De modo que debe de haber sido muy atractiva…
—¡Y usted también destruyó ese monumento! —exclamó Helena.
Craso asintió. No era hombre de dejarse alterar fácilmente.
—Querida —le dijo a Helena—, yo era un soldado y no hice más que cumplir las órdenes del Senado. Oirá decir que la rebelión de los esclavos fue un asunto de poca importancia. Es bastante comprensible que se difundiera tal apreciación, ya que poco sale ganando Roma si el mundo se entera del esfuerzo que significó hacer frente a unos cuantos esclavos. Pero aquí, en esta agradable terraza en casa de mi querido y buen amigo Antonio Cayo, con la compañía que tenemos, podemos prescindir de las leyendas. Nadie estuvo nunca tan cerca de destruir a Roma como Espartaco. Nadie llegó nunca a herirla tan terriblemente. No trato de magnificar mi actuación. Dejad que el héroe sea Pompeyo, pues hay escaso mérito en someter esclavos.
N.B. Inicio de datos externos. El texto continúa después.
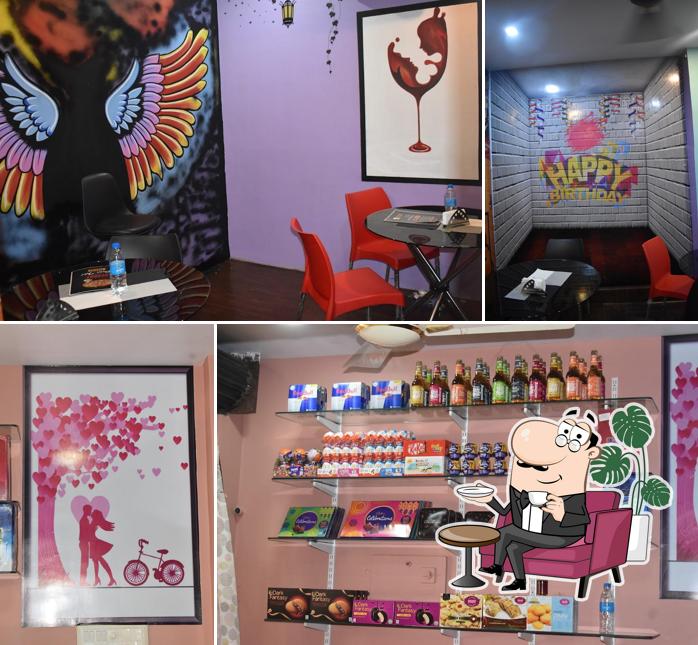 The interior of MMM PIZZAHUT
Pero la verdad se impone, y si los símbolos de castigo resultan desagradables, piensen en cómo me sentí yo al ver el terreno cubierto con los cadáveres de los mejores soldados de Roma. De modo que no tuve empacho en destruir algunas piedras talladas que habían hecho los esclavos. Por el contrario, me proporcionó cierta satisfacción el hacerlo. Destruimos completamente las imágenes y de ellas no quedaron más que polvo, de modo que no hay rastro alguno de ellas. Así también destruimos a Espartaco y a su ejército. Y así también, con el tiempo, destruiremos hasta su recuerdo y el recuerdo de lo que hizo y por qué lo hizo. Soy un hombre bastante sencillo y no demasiado inteligente, pero eso lo sé. El orden de las cosas es el de que unos tienen que mandar y otros tienen que servir. Así lo ordenaron los dioses. Y así será.
Una de las cualidades de Craso era la de evocar la pasión sin apasionarse él mismo en lo más mínimo. Sus agradables y recios rasgos militares enfatizaban las palabras que decía. ¡Era la imagen perfecta del halcón de bronce de la República!
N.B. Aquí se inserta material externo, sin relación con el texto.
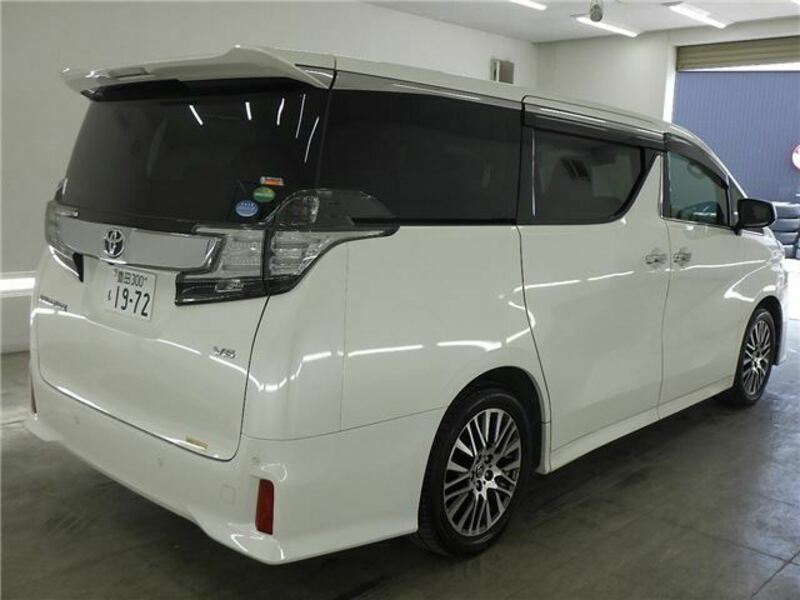 VELLFIRE-4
Graco lo observaba por debajo de sus párpados caídos. Se hallaba sentado allí, observando a cada uno de ellos, al rapaz rostro afilado de Cicerón, al joven petimetre Cayo, a Helena, a la silenciosa, sufriente y, en cierto modo, ridícula Julia, a Claudia, pulcra y satisfecha; a Antonio Cayo y a Craso, a todos los observaba y escuchaba, y nuevamente volvió a pensar en la forma en que la comisión senatorial había ido a buscarlo cuando se retiró del recinto senatorial. Aquello fue el comienzo, por supuesto, cuando se mandaron las seis cohortes. Y el comienzo se olvidaría como se olvidaría también el final, tal como había dicho Craso.
Salvo —como bien podría ser— que el final estuviera aún por llegar.